Afin de donner toutes ses chances à ce dispositif inédit, à cet outil complètement nouveau de financement de l'économie locale, qui n'avait jusqu'à présent jamais été mis en place en France ni même en Europe, nous souhaitons permettre le lancement dans les meilleures conditions de la première génération des fonds d'investissement de proximité, notamment dans les régions où le capital-investissement est pratiquement inconnu.

Or une campagne de lancement d'un nouveau produit s'accompagne nécessairement de nombreux tâtonnements. Il ne s'agit pas ici d'un outil bien rodé, dont on connaîtrait les vitesses d'élaboration et de placement. Des discussions devront s'engager entre les partenaires locaux, qu'il s'agisse des collectivités territoriales, des conseils régionaux, des conseils généraux, des villes, des agglomérations ou des représentants des entreprises. Tout cela prendra du temps. C'est la raison pour laquelle il nous a paru justifié de prévoir un aménagement de caractère provisoire sans créer un précédent, lequel n'aurait aucune raison d'être.

M. le président. La parole est à M. René Trégouët, rapporteur.

M. René Trégouët, rapporteur. J'ai écouté avec attention les propos de M. le secrétaire d'Etat, mais je ne peux le suivre dans son raisonnement.

A mes yeux, il convient d'adresser aux gestionnaires un message de rigueur. Un avantage fiscal tout de même très important est consenti au travers des FIP, et accepter que son effet soit repoussé à une échéance relativement lointaine reviendrait à faire preuve, dès le départ, d'un certain laxisme. Cela ne serait pas de bonne politique fiscale, surtout dans les circonstances actuelles.

Par ailleurs, en tant que rapporteur des crédits de la recherche, je sais très bien quelle a été l'importance des FCPI pour l'innovation. Or une dérogation du même type que celle qu'il nous est proposé d'instaurer aujourd'hui n'avait pas été prévue lors du lancement de ce dispositif. Il convient donc de ne pas adresser un signal négatif aux gestionnaires de FCPI, qui rencontrent actuellement des difficultés pour tenir les délais qui leur ont été fixés. Une coordination entre les différents ministères concernés aurait été à mon sens souhaitable avant que l'on nous propose d'instituer une dérogation au profit des FIP, qui n'existent pas encore.

M. le président. La parole est à M. le secrétaire d'Etat.

M. Renaud Dutreil, secrétaire d'Etat, J'indiquerai tout d'abord que comparaison n'est pas raison. Si l'on souhaite comparer les FIP aux FCPI, il convient de rappeler que ces derniers ont été instaurés en 1997, soit à une période extrêmement favorable pour ce type d'investissements. Tel n'est pas forcément le cas à l'heure actuelle !

Il faut donc avoir bien conscience du fait que la conjoncture a changé.

Par ailleurs, les FIP sont des outils régionaux, concernant des territoires où l'on ne connaît pas ce type de capital-investissement. Le contexte est donc tout à fait différent, lui aussi.

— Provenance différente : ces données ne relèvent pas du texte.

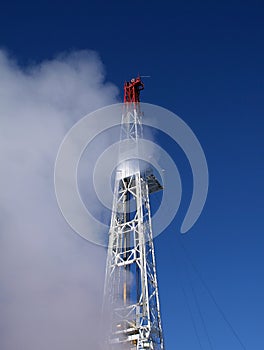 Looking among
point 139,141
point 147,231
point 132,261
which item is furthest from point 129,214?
point 139,141

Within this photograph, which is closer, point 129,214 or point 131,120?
point 129,214

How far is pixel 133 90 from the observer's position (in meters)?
32.6

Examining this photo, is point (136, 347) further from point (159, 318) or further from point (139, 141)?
point (139, 141)

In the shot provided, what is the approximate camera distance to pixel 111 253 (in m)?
26.3

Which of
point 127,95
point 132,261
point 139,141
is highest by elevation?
point 127,95

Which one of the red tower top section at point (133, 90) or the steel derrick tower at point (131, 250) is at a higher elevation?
the red tower top section at point (133, 90)

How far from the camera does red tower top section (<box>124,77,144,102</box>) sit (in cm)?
3247

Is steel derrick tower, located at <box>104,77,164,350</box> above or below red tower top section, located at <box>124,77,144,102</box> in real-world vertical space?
below

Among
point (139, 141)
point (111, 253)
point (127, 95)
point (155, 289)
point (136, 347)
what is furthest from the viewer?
point (127, 95)

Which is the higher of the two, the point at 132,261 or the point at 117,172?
the point at 117,172

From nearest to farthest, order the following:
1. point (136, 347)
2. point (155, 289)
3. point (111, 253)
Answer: point (136, 347)
point (155, 289)
point (111, 253)

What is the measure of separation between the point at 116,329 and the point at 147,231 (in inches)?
259

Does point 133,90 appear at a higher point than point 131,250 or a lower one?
higher

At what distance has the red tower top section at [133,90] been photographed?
32.5 meters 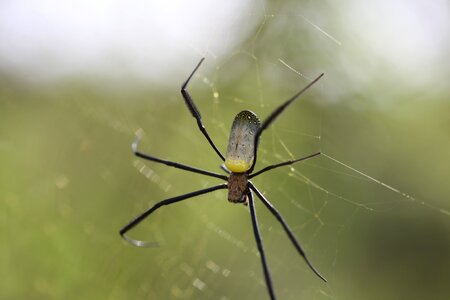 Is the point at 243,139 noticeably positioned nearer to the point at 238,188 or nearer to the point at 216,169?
the point at 238,188

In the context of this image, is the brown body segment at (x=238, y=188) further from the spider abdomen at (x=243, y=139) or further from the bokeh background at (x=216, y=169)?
the bokeh background at (x=216, y=169)

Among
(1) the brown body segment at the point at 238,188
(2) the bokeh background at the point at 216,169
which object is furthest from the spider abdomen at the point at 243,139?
(2) the bokeh background at the point at 216,169

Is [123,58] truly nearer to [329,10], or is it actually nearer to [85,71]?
[85,71]

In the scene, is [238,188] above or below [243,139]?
below

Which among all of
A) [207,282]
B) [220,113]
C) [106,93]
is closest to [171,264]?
[207,282]

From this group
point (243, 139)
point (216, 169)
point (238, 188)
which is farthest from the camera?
point (216, 169)

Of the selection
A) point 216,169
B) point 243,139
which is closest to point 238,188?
point 243,139
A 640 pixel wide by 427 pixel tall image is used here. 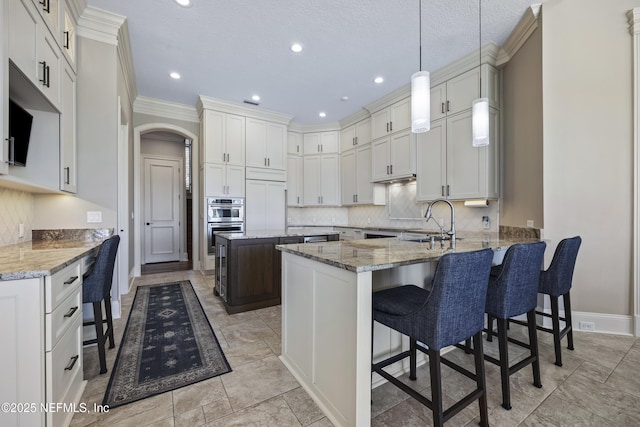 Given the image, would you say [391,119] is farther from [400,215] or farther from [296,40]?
[296,40]

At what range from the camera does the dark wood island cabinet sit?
3123 millimetres

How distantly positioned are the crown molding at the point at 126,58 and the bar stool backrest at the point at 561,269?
15.1 ft

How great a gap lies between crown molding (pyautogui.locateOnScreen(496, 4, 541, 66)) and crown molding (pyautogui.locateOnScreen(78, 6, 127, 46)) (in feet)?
13.7

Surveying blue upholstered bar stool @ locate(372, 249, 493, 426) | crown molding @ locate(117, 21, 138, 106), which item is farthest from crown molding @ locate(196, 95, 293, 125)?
blue upholstered bar stool @ locate(372, 249, 493, 426)

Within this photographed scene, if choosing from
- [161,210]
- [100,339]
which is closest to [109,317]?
[100,339]

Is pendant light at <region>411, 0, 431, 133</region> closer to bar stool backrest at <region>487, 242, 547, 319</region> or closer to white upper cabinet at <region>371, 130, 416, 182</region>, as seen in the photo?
bar stool backrest at <region>487, 242, 547, 319</region>

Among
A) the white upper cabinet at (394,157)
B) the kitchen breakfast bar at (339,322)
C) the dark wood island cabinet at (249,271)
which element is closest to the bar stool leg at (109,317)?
the dark wood island cabinet at (249,271)

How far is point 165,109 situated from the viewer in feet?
16.2

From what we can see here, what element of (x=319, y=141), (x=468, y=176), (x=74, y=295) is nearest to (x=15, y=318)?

Enfin, je comprends bien le souhait de M. le rapporteur de voir l'argent collecté être immédiatement injecté dans l'économie locale, en vue de produire rapidement des effets. Je partage son impatience et j'aimerais moi aussi que les fonds recueillis soient immédiatement investis pour créer des emplois et de la richesse. Toutefois, à faire peser un trop grand nombre de contraintes sur la gestion des fonds d'investissement de proximité, nous risquons de créer l'effet inverse de celui que souhaite M. Trégouët, c'est-à-dire de susciter une certaine réticence des équipes à s'engager dans celle-ci. En effet, ces équipes de gestion, qui connaissent bien les réseaux territoriaux de PME, pourraient douter de la possibilité d'investir dans le délai très court de deux ans l'intégralité des fonds.

Par conséquent, le Gouvernement considère qu'il convient de réunir toutes les conditions pour que le dispositif des FIP fonctionne bien et paraisse attrayant pour les sociétés de gestion. Le pire serait de mettre en place un outil et de le priver de son efficacité sous prétexte de vouloir réaliser une récolte rapide, en coupant, en quelque sorte, le blé en herbe.

M. le président. Je mets aux voix l'amendement n° 10.

(L'amendement est adopté.)

M. le président. Je mets aux voix l'article 13, modifié.